Cet hommage à Bollywood et aux liens intergénérationnels est un plaisir des yeux et du coeur couleur bonbon qui remonte le temps, provoque d’énormes sourires et de grands rires tout en abordant les thèmes résonnants des rôles imposés par genre, du racisme passif et des changements sismiques qui accompagnent le fait de grandir. Azra (la superbe Amrit Kaur) vit un bonheur sexuel avec sa petite amie à Toronto dans les années 90 lorsqu’elle reçoit la nouvelle de la mort de son père. Un plan de coupe voltaïque plus tard et on la retrouve dans un avion direction le Pakistan, pour assister aux funérailles de son père avec son frère (Ali A. Kazmi), où sa mère (Nimra Bucha de Mme Marvel) pinaille et sa culture l’exclut du processus de deuil. Un autre plan et nous sommes à Karachi en 1969, emporté par la romance éclair de la mère de Azra qui enfreint les règles (également jouée par Amrit Kaur, soulignant les parallèles mère-fille) et son père fringant (Hamza Haq) avant leur difficile transition vers la Nouvelle-Écosse de 1989. Chaque saut temporel fait ressortir une autre couche de la façon dont la dynamique familiale d’Azra est née. The Queen of My Dreams est, en soi, le rêve d’un·e cinéphile, regorgeant de visuels époustouflants, d’une belle qualité de production et d’une mode fantastique. Illustrant comment le salut peut provenir de sources improbables, et de manière improbable.

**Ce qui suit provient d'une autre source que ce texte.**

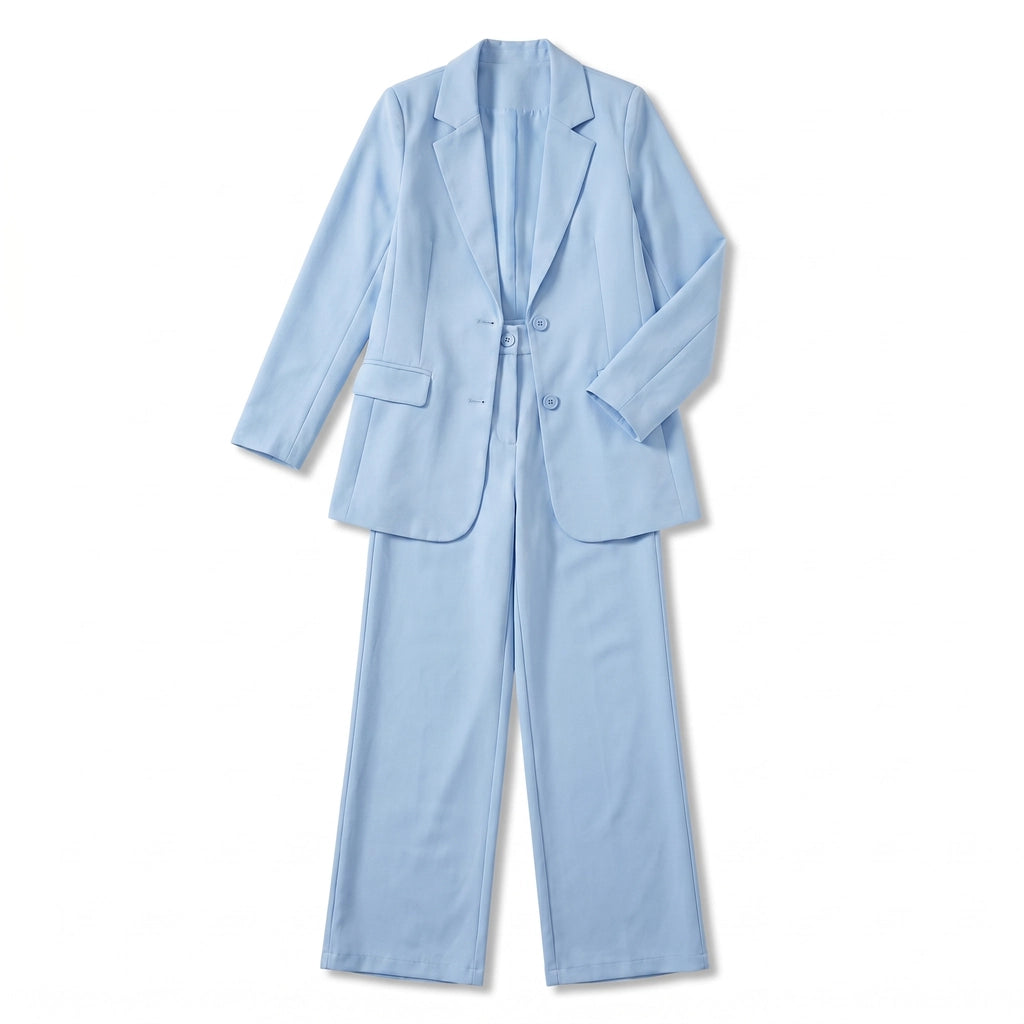 Rosalind Trouser Set - Color:Sky Blue;Size:XS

Du côté des documentaire, le film BULLETPROOF: A LESBIAN’S GUIDE TO SURVIVING THE PLOT de Regan Latimer a conquis le jury.
Attention spoiler : si vous regardiez la télévision au printemps 2016, il y a de fortes chances que vous ayez été témoin du pic de popularité de la tendance Bury Your Gays. Les femmes LGBTQ+, de Tara de Buffy à Lexa de The 100, ont pris la hache et dans cet exposé brillant enquêtent sur cette tendance consternante et le changement radical qui en a résulté. Au gré d’allers-retours entre Toronto et autres pôles culturels comme L.A. et Londres, Bulletproof déroule son intrigue à la manière d’un grand mystère. Il y a les victimes : des personnages féminins queer. Les meurtriers : des scénaristes de télévision, des showrunners et producteurs tourmentés qui, pour une myriade de raisons expliquées dans le documentaire, ont choisi de tuer les personnages favoris des fans à l’écran. Et puis il y a les détectives : un « réseau arc-en-ciel » de journalistes, de psychologues des médias, de dirigeant·e·s de communautés de fans et bien d’autres qui analysent les catalyseurs et impacts des représentations changeantes queer. Ceci est sans parler de la documentariste elle-même, Regan Latimer, accro à la télévision, « gay comme l’enfer », qui est alors à la sixième année de ce qui était censé être un projet d’un an, et qui sème dans ce film des révélations personnelles, sociétales et scientifiques aux côtés de la sage, Lindy Zucker, son substitut à l’écran. Grâce à des références et à des animations percutantes, Bulletproof prouve que la représentation peut être un enjeu de vie ou de mort et que la fantaisie peut parfois être aussi essentielle que la réalité.
Côté courts, le film canadien, LE FLOU DES ARBRES de Fanny Perreault a particulièrement plus au jury, de même qu’ IF (যদি ) de Tathagata Gosh.
Deux jeunes femmes sont incarcérées dans une forêt sécurisée du Nord québécois et sont soumises à des travaux de reboisement forcé. Confrontées à l’instrumentalisation de leur corps et à un contrôle insidieux de ce dernier, elles profitent du peu d’espace de liberté qu’elles arrivent à créer avec l’aide d’une agente carcérale particulièrement empathique à leur égard.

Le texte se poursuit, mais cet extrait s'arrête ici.